7. La ternura educativa
Son impresionantes las palabras de La Salle:
Aunque san Pablo aconseje a su discípulo Tito que reprenda con severidad a los insumisos, para que no se corrompa su fe (Tt 1,13),
y aunque diga también a Timoteo que lo haga para inspirar temor a los demás (1 Tm 5,20), al mismo tiempo le dice que debe ser paciente y moderado al reprender a los que se resisten, pues tal vez les conceda Dios el espíritu de penitencia (2 Tm 2,25 )
Éste, en efecto, es uno de los mejores medios para ganar y mover el corazón de los que han incurrido en falta, y para disponerlos a que se conviertan. Así procedió el profeta Natán cuando vino a ver a David de parte de Dios para que recapacitara y reconociera los dos pecados que había cometido, el adulterio y el homicidio. MR 204,2,1
La mansedumbre y ternura con el prójimo fue lo que permitió a san Francisco ganar tantas almas para Dios; de modo que se calculan en unos setenta y dos mil los herejes que apartó de sus errores. Esa virtud le conquistaba, efectivamente, el corazón de cuantos tenían trato con él, y del afecto que despertaba en ellos se servía el Santo para conducirlos a Dios. Un apóstata llegó a confesar que la dulzura y paciencia de san Francisco le habían determinado a volver al seno de la Iglesia. ¿Tienen ustedes, maestros, tales sentimientos de caridad y ternura con los alumnos que les corresponde educar? ¿Y aprovechan el cariño que les tienen para ganarlos a Dios?

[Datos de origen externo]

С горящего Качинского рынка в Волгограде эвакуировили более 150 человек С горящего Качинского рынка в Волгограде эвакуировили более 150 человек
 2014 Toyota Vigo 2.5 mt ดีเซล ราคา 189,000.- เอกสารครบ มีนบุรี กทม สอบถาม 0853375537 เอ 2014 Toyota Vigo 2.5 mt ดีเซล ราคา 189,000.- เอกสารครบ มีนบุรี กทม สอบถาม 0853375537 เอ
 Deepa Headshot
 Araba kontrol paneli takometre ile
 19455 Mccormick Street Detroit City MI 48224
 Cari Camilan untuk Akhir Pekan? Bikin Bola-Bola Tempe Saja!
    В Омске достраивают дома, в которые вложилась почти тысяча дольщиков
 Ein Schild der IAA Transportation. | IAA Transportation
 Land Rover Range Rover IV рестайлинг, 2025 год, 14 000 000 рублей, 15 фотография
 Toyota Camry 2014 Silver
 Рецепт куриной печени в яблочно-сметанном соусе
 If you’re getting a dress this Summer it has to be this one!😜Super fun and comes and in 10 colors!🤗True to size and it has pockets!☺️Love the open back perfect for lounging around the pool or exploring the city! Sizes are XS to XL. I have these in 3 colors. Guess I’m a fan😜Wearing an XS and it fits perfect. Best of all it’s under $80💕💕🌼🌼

Si emplean con ellos firmeza de padre para sacarlos y alejarlos del desorden; deben también tener la ternura de madre, para acogerlos, y procurarles todo el bien que esté a su alcance. Med. 101.3 Sobre la vida de San Francisco de Sales.
Dentro de los escritos de La Salle, ésta es una cita desconcertante y no tanto por el contenido, sino por el ejemplo de su vida, tan austera y en la que no toleró muestras sensibles de afecto en su historia personal, pues siendo muy joven mueren su madre y, poco después, su padre. Por estar estudiando, no pudo asistir al sepelio de su mamá. Esto lo hubiera marcado negativamente haciéndolo rudo e insensible. Sin embargo, consta en su biografía el cariño y la ternura que encontraba en su abuela y esto en parte nos explica la cita que precede. La ternura es tan antigua como la humanidad, pero a menudo, la hemos olvidado.
En el periódico, El Siglo de Torreón apareció, hace poco, la siguiente nota:
"Con 50 maestros de nivel primaria capacitados en el programa: Educando con Ternura, concluyó la Segunda Visitaduría de la Comisión Estatal de Derechos Humanos. Se abordó la difusión de los derechos de los niños, la legislación vigente en materia de su protección, así como las características para detectar abuso o abandono del infante".
"El principal maltrato infantil que está recibiendo el menor es la negligencia y la omisión de los padres. Ya no es el acto del golpe, es la omisión de dar alimento a las horas, de revisar su salud, el abandono de los padres que los mandan a la escuela sin entregarlos o sin que les conste que entró a la escuela", comentó Sarah de los Santos, titular del citado organismo".
Agregó que se pretende "Capacitar al maestro para conocer sobre cómo es un niño maltratado, cuáles son los síntomas de abuso infantil, del abandono y al mismo tiempo hacer hincapié en el fundamento legal", refiriéndose a la Ley de Protección de los Niños, las Niñas y Adolescentes del Estado de Durango vigente.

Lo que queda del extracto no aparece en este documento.